Aria's blood ran cold.

Observation meant scans. Scans meant identification. Identification meant removal.

She stood slowly.

"Milo," she said carefully, her voice steady in a way she did not feel, "if anyone asks, the reactor surge caused the interference."

He stared at her as she had just suggested rewriting gravity itself.

"Aria, that was not interference."

She met his gaze.

"I know."

Across the galaxy, in a hidden station beyond official star maps, a man stood before a panoramic window watching distant constellations burn softly in silence.

A holographic projection flickered beside him, displaying data streams.

"Unregistered Starborn signature detected," the projection reported.

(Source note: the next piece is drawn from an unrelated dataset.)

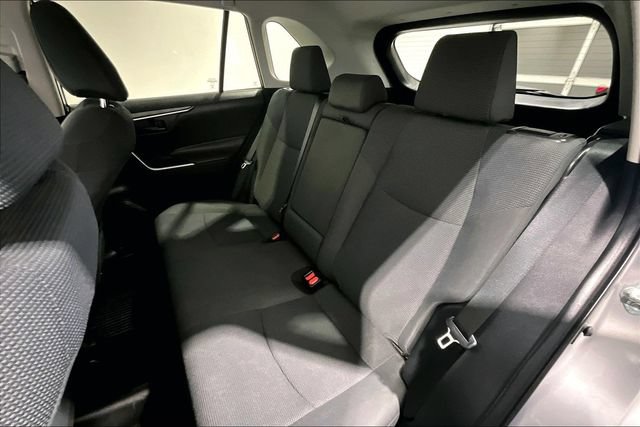 Used 2020 Toyota RAV4 LE AWD/4WD image 27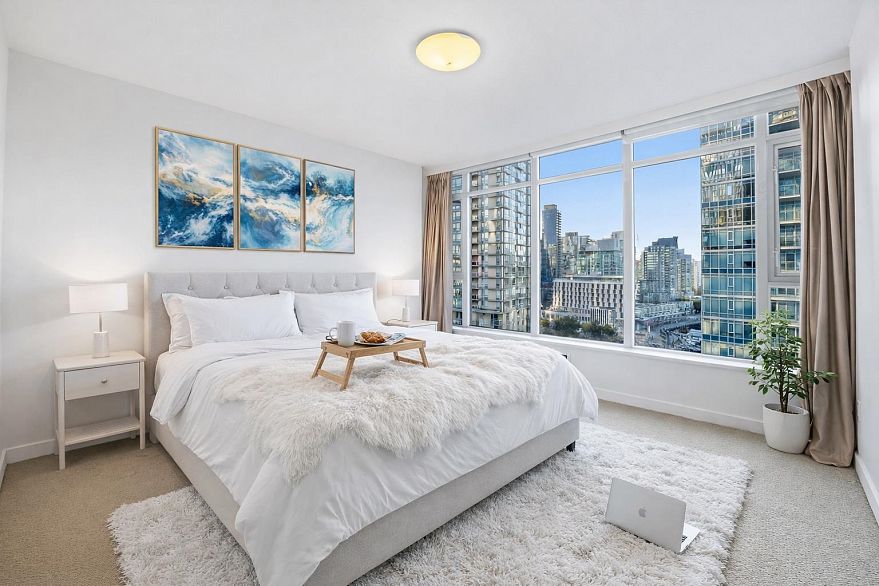 1301 1233 W Cordova Street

The man's expression did not change, but his eyes sharpened slightly.

"Location," he said.

"Sector Nine."

He turned toward the stars slowly.

"Prepare a ship," he replied.

Because anomalies did not happen anymore.

Magic was not supposed to awaken.

And yet somewhere in the lowest dockyard of the empire, gravity had just bent.

Aria Vale did not know his name yet.

But Kael Draven, the Star King, was already on his way.

And the galaxy had just made a mistake by noticing her.